You wouldn’t expect such measured rhetoric from a scruffy indie-rock fan who not long ago was chanting anti-globalization slogans and confronting riot police at World Bank meetings. Yet Pariser is nothing if not a fast learner. The son of two 1960s activists who founded an alternative high school in Camden, Maine, Pariser graduated from college at 19. His stint as an in-your-face radical ended early, too, after kibitzing for a few hours with D.C. cops at an anti-IMF rally in April 2000. “All of a sudden, I realized that the scripted confrontation of attacking and antagonizing them wasn’t going to get us anywhere,” Pariser says. “It changed the way I was thinking, tactically.”
So in the immediate aftermath of September 11, when he wanted to protest the president’s demand for vengeance, Pariser created an online petition, 9-11peace.org, which urged “moderation and restraint.” In what would prove a powerful lesson in online organizing, Pariser emailed the link to 30 friends. They did likewise, and so did their friends. “A few days later I got a call saying the site was crashing because too many people were logging on,” Pariser recalls. Within two weeks, more than half a million people had signed the petition, and Pariser was fielding calls from the BBC and the South China Morning Post.
He also heard from Wes Boyd, the founder of MoveOn. Boyd’s Internet activist group had gotten its start during the Monica Lewinsky scandal — calling on Congress to censure the president and “move on” — and had since thrown its weight behind progressive candidates. A former software exec who made a small fortune off flying-toaster screensavers, Boyd offered Pariser both tactical and financial support. “Eli was in the same place as we were when we got started,” he says. “We got in touch and said, ‘Can we help?'”
The two soon merged their websites. And as the showdown with Iraq started heating up, Boyd hired Pariser to direct MoveOn’s international campaigns. Working 18-hour days, Pariser organized 9,000 activists to meet with their representatives in Congress last November. He also helped raise more than $400,000 for anti-war advertising. The lanky, 6-foot-3-inch Pariser has since found himself in the company of some of the world’s leading peaceniks. At February’s rally he shared the podium with Nobel Peace Prize winner Desmond Tutu and Martin Luther King III. His speech lacked the fiery idealism you’d expect from the youngest man onstage. “I don’t want to be part of the Great Left Martyrdom story,” Pariser explains, “where we simply say, ‘We fought the good fight and we lost.’ I don’t want to be on the losing side.”
His tactics have had a powerful influence, especially among his peers in the anti-war movement. “I write books and spray paint the sidewalk and get arrested,” says renowned hip-hop activist and author William Upski Wimsatt. “But because of Eli and MoveOn, a whole group of us in the progressive community are changing our strategy and looking seriously at electoral politics and Internet organizing.”

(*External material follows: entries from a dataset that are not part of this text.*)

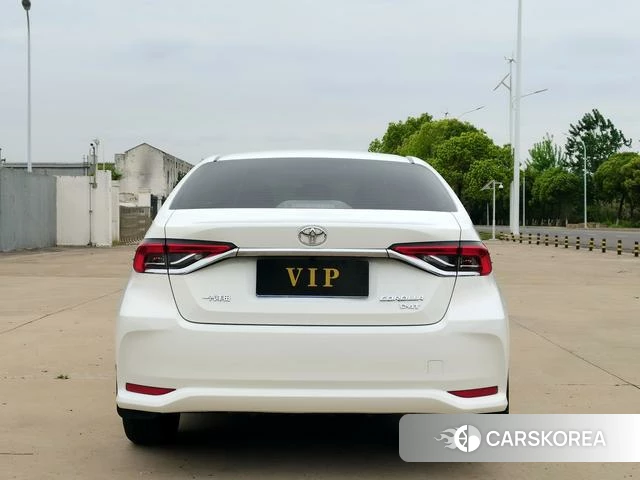 Toyota Corolla 2023 Белый из Китая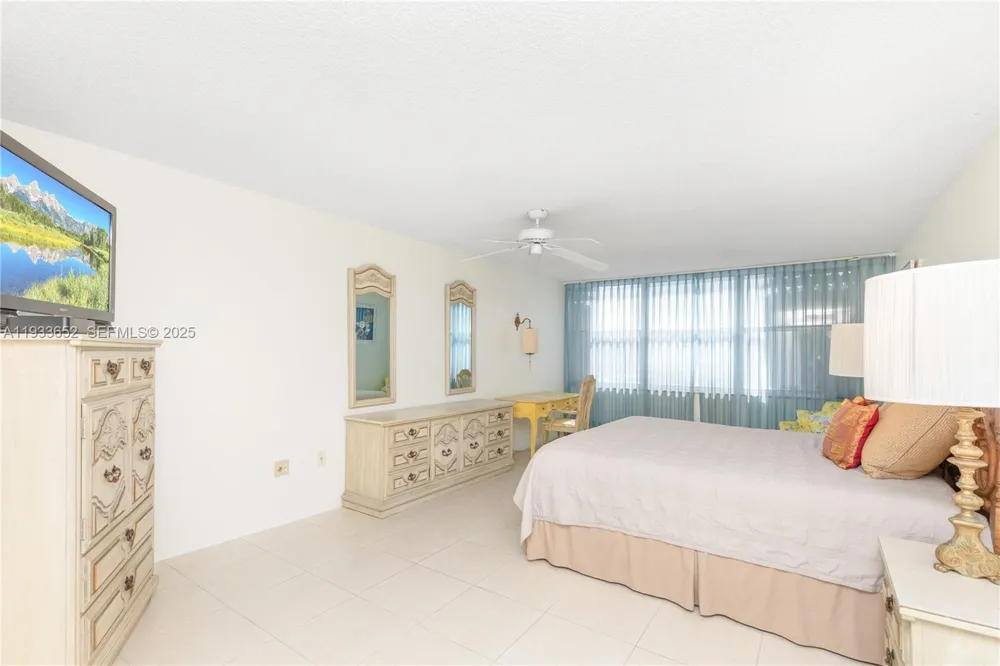 2751 S Ocean Dr #208S Hollywood, FL 33019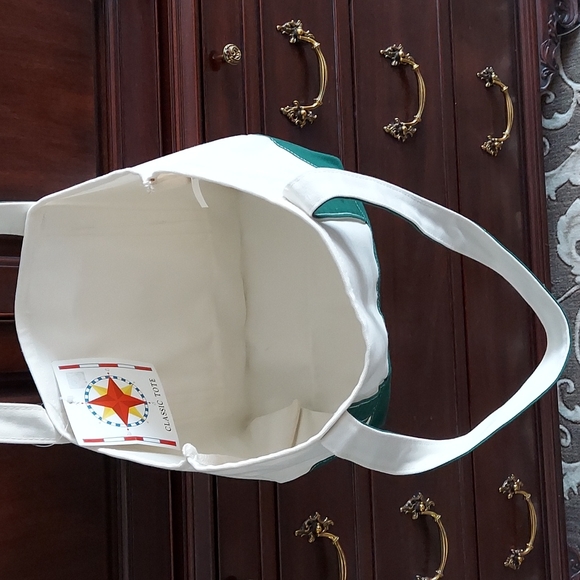 Maine Classic Tote - Picture 4 of 6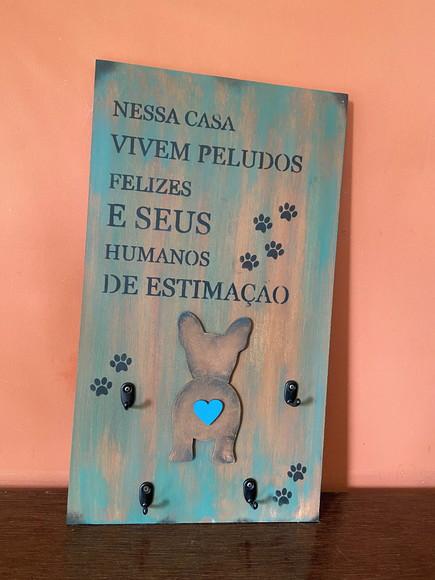 Porta Coleiras Cachorro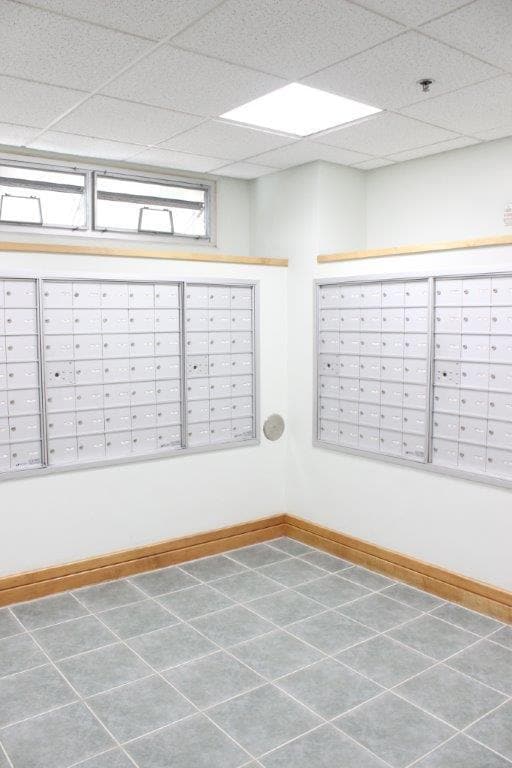 Building Photo - 215 N King St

A visit to MoveOn’s New York office really got Wimsatt thinking. Upon arriving at the door, he was ushered into the 8-by-10-foot room where Pariser sleeps. “There was a little desk, a little bookshelf, a chair, and a laptop,” says Wimsatt. “I’m like, ‘Okay, let’s go see your office.’ But he’s like, ‘This is it.’ I was stunned — the most effective progressive political force today is coming out of this 22-year-old kid’s bedroom.”